Henry Laurisch, CC BY-SA 3.0, via Wikimedia Commons

La prima estate sembra aver un po’ sostituito nei nostri cuori Ferrara sotto le stelle, ormai caduto un po’ in disgrazia. L’anno scorso i National, quest’anno gli Alt J. Entrambi i gruppi già ospiti in passato della rassegna estense. Certo, da Bologna era più comodo arrivare a Ferrara e la location era un’altra roba. Ma questo è.

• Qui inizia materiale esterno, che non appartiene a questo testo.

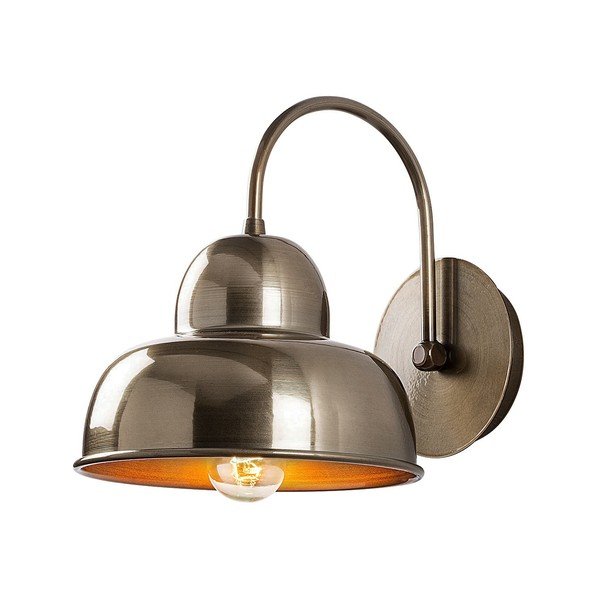 Žalvario spalvos sieninė lempa ø 20 cm Multan – Opviq lights-image-2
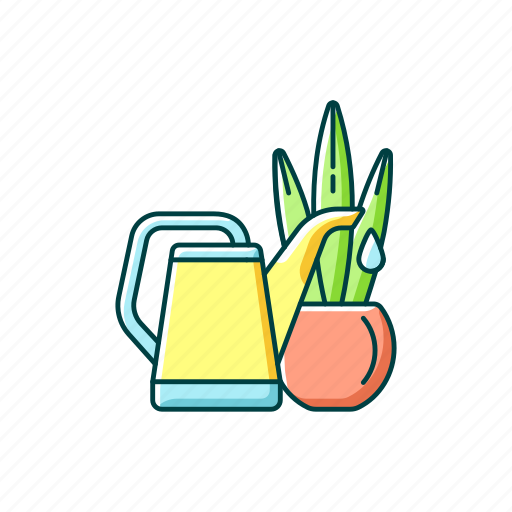 Watering plants, houseplant, plant, flower icon - Download on Iconfinder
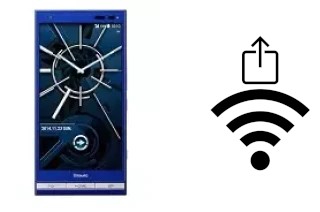 Générer un QR code avec la clé Wifi sur un Kyocera Urbano V01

Non chiedete di token, prezzi di panini, qualità del cibo, file per entrare ecc. Siamo arrivati al parco BussolaDomani già mangiati e bevuti (tributo a Nino Manfredi) e ci siamo accomodati nel settore garden (soldi ben spesi, eravamo vicinissimi al palco) quando l’esibizione di Chet Faker (forse la sua cosa migliore è il nome) era circa a metà. Onestamente niente di memorabile. Canzoni buone da sottofondo o poco più.

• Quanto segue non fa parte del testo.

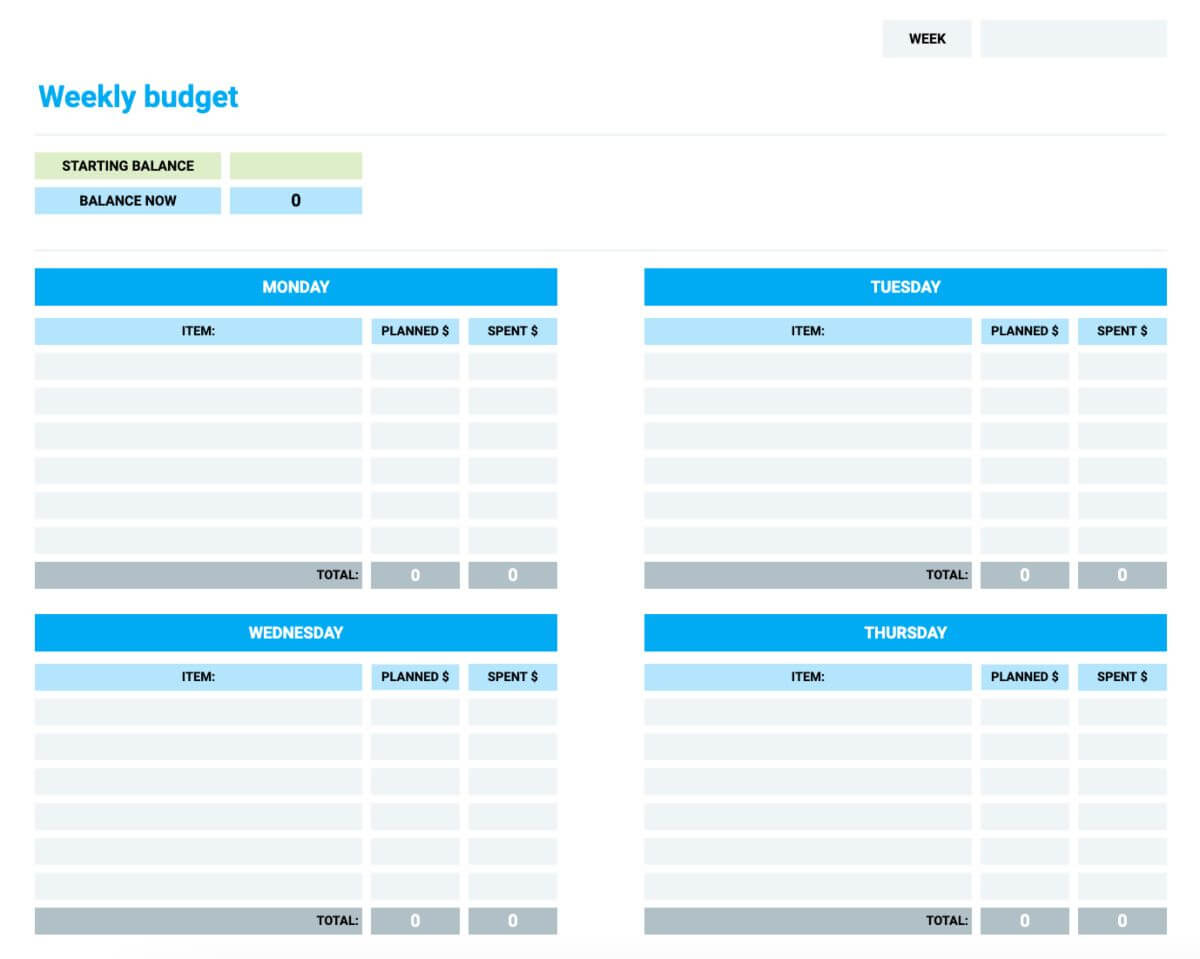 12 Free Budget Planning Templates for Free Budget Sample Template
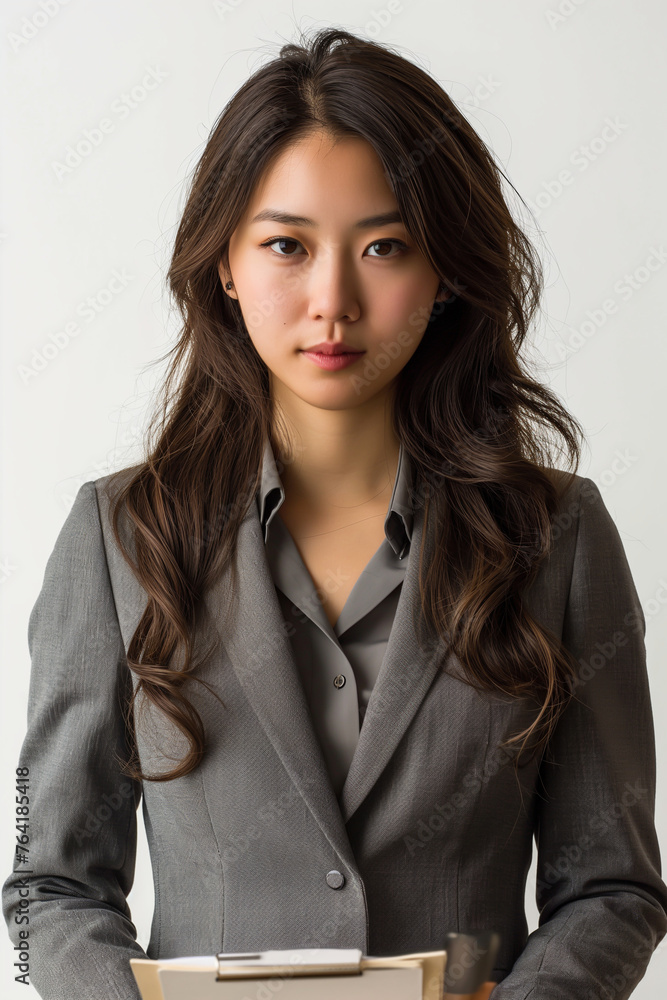 A businessman dresses formally in a suit. Ready to take on difficult tasks Half body close-up A businessman dresses formally in a suit. Ready to take on difficult tasks Half body close-up
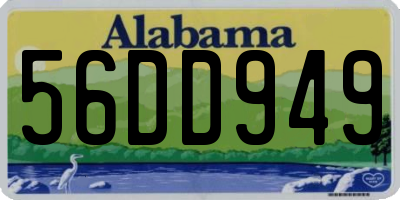AL license plate 56DD949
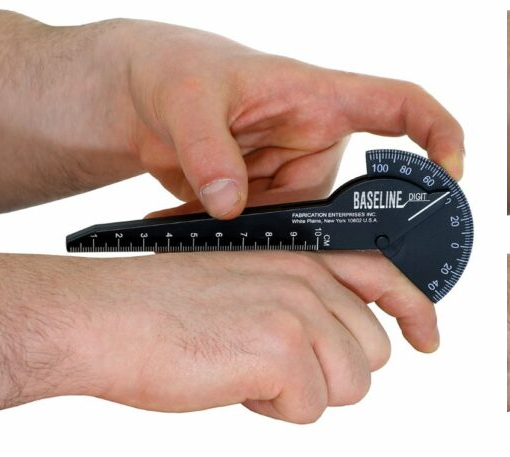 Baseline plastic finger goniometer, 1-finger design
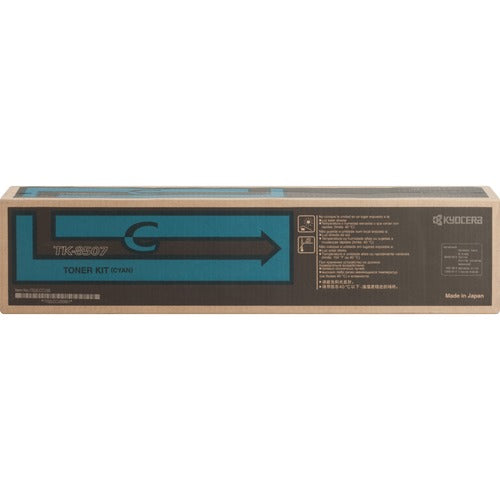 Kyocera KYOTK8507C TK-8507C Original Laser Toner Cartridge - Cyan - 1 Each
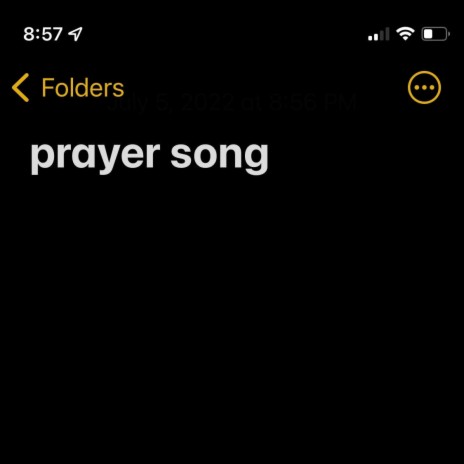 prayer song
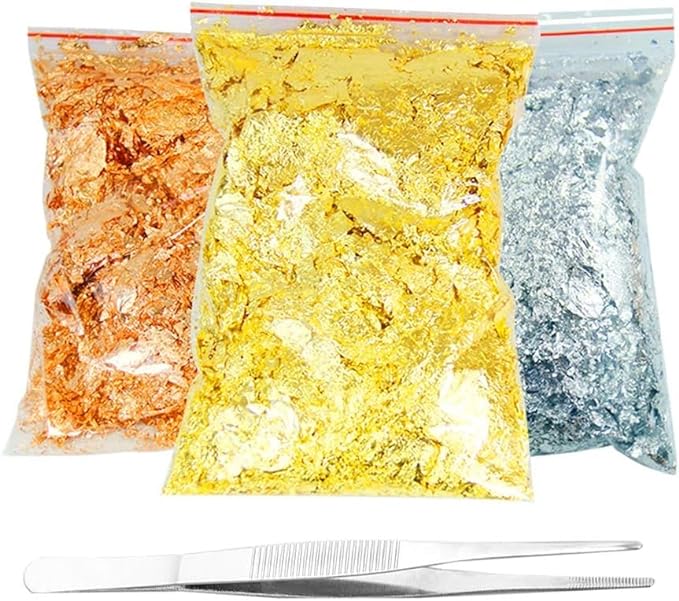 gold foil flakes for resin jewelry making paxcoo gold foil flakes metallic leaf for nails p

Quando la luce cala è il momento della band inglese. Il primo pezzo è “Bane” ed è proprio la quintessenza degli Alt J, perfetto per entrare in sintonia con Joe Newman e soci. Seguono “Every Other Freckle”, “In cold Blood”, “The Actor” e “Deadcrush”. Ma è il momento di buttare giù i carichi pesanti da “An Awesome Wave“. Prima “Tassellate” poi “Matilda” e “Something Good”. Intervallate da due buoni pezzi dall’ultimo “The Dream” (“Chicago” e “U&Me”).

La prima volta che avevamo ascoltato gli Alt J eravamo stati sorpresi dalla pulizia stilistica sul palco, sembrava di ascoltare un disco. Stasera Joe Newman (con un look tricologico alla Zucchero e un camicione nero con cerchi bianchi buono per andare contromano, a piedi, in una strada buia dell’Essex) è meno preciso, ma la performance non ne risente affatto. Anche grazie ad un Gus Unger-Hamilton strepitoso, alle tastiere, allo xilofono e come seconda voce.

Poi arriva “Nara”, che per me è la loro perla assoluta. Ancora meglio con lo sfondo di ciliegi in fiore mutanti alle loro spalle. A tal proposito non si possono che spendere belle parole per le immagini e i giochi di luce portati sul palco. E anche per le riprese del festival che venivano trasmesse su megaschermi ai lati del palco (anche a beneficio di chi era più indietro) con una regia mai banale e una qualità delle immagini strepitosa. Poi il terzo e ultimo da “Relaxer” (“3WW”), album poco riuscito e suonato più del solito stasera, la celestiale “Bloodflood”, la bella “The Gospel of John Hurt” e “Philadelpia”.

Fino a qui sarebbe un bel concerto. Ma è con gli ultimi sei pezzi che gli Alt J cambiano marcia. Grande intensità e tutto il pubblico che risponde presente. “Taro” è magnifica (recuperate la storia del brano se non la conoscete), “Dissolve me” e “Fitzpleasure” non sono da meno. Dopo il break la danzereccia “Hard Drive Gold”, la smorfiosa “Left Hand Free” e “Breezeblocks” che ci chiede “Please don’t go, please dont go…” e invece ce ne andiamo. Molto soddisfatti.